No entanto temos exceções, como é o caso das Lérias onde não entram os ovos (somente confecionados com amêndoas com pele, farinha e açúcar).
Quanto aos acabamentos, os Papos de Anjo e os Foguetes são envolvidos em hóstia, o que lhes confere forma final característica. As Brisas do Tâmega têm forma de barquinho, devido à bolacha de baunilha onde o recheio de ovos é introduzido.

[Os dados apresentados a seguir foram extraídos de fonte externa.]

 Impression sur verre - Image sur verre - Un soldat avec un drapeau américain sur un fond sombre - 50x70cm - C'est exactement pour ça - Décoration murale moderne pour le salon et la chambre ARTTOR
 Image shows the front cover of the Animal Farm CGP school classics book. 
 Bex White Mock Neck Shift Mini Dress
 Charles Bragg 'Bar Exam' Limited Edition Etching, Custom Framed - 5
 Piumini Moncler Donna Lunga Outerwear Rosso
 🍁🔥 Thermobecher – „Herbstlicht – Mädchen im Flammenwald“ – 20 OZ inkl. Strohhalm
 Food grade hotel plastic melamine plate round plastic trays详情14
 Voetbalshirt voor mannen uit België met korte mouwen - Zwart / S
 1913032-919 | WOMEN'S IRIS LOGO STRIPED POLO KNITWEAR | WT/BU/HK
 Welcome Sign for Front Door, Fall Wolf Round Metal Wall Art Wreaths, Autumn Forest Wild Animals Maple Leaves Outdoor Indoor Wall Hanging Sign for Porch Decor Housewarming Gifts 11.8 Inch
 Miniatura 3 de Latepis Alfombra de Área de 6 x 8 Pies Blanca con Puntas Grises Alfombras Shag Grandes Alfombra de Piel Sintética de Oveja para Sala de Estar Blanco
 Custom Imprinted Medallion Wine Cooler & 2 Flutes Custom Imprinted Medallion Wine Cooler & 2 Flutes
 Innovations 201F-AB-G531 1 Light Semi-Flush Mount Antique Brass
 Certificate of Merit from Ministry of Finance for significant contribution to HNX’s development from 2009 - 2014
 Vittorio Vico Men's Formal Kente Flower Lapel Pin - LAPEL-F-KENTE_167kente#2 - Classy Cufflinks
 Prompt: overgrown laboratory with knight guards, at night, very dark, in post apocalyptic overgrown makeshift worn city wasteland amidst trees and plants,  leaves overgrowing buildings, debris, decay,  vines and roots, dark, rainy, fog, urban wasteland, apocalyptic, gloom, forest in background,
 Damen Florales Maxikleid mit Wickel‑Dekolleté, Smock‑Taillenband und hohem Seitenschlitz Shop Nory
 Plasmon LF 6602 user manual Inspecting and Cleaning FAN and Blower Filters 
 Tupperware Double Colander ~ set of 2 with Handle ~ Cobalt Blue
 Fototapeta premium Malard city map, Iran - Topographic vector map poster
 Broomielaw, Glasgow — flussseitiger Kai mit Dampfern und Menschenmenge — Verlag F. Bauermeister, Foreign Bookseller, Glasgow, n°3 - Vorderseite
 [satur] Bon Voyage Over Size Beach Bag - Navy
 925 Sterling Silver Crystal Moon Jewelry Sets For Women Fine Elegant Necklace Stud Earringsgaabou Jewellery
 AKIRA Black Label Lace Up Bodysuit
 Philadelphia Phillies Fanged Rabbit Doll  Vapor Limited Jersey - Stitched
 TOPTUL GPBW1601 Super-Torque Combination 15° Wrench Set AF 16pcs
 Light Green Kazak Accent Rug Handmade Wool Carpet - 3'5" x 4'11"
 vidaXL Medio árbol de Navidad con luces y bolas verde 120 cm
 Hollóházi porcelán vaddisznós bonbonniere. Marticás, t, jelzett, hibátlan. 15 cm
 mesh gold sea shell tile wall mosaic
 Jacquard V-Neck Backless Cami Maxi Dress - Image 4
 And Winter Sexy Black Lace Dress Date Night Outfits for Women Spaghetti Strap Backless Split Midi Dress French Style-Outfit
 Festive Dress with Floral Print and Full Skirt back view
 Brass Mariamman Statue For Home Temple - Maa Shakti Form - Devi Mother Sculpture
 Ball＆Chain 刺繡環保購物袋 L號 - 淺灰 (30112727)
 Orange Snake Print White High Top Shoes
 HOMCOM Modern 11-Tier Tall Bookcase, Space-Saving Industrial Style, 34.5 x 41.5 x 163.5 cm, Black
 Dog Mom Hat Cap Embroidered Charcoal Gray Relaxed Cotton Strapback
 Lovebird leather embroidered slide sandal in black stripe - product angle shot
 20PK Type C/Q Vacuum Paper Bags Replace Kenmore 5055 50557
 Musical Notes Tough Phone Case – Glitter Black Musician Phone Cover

O importante e fundamental para um bom Doce Conventual de Amarante é a qualidade da matéria-prima.
LÉRIAS
As Lérias são um doce à base de farinha, açúcar, amêndoa e água, tradicional de Amarante. Apresentam forma de pequeno quadrado arredondado de cor escura. Historicamente a sua receita foi recuperada a partir de receitas das freiras do Convento de Santa Clara de Amarante, sendo servidas como sobremesa nos dias de festa e refeições mais importantes.
PAPOS DE ANJO
Os Papos de Anjo são doces tradicionais do concelho de Amarante, em forma de meia lua, com recheio de ovo e amêndoa, envoltos em folha de hóstia, finalizados com calda de açúcar e mistura de açúcares.
FOGUETES
Os Foguetes são doces conventuais tradicionais de Amarante, de forma cilíndrica, à base de ovo e amêndoa, envoltos em hóstia e cobertos com calda de açúcar.
S. GONÇALOS
Os S. Gonçalos são pequenos bolos de aspeto delicado e muito apelativo, de cor amarela viva devido aos ovos empregues na sua confeção.
BRISAS DO TÂMEGA
As Brisas do Tâmega caracterizam-se pela sua forma de barquinho, de bolacha de baunilha, que é recheado com a mesma massa que é utilizada para os papos de anjo. Em cima serão cobertos com um ponto de açúcar. De acordo com a Dona Ana Maria Carvalho da confeitaria Lai Lai, antigamente o recheio das Brisas do Tâmega seria colocado em pequenos “copinhos” de hóstia. Atualmente todos os produtores utilizam a bolacha de baunilha em forma de barquinho.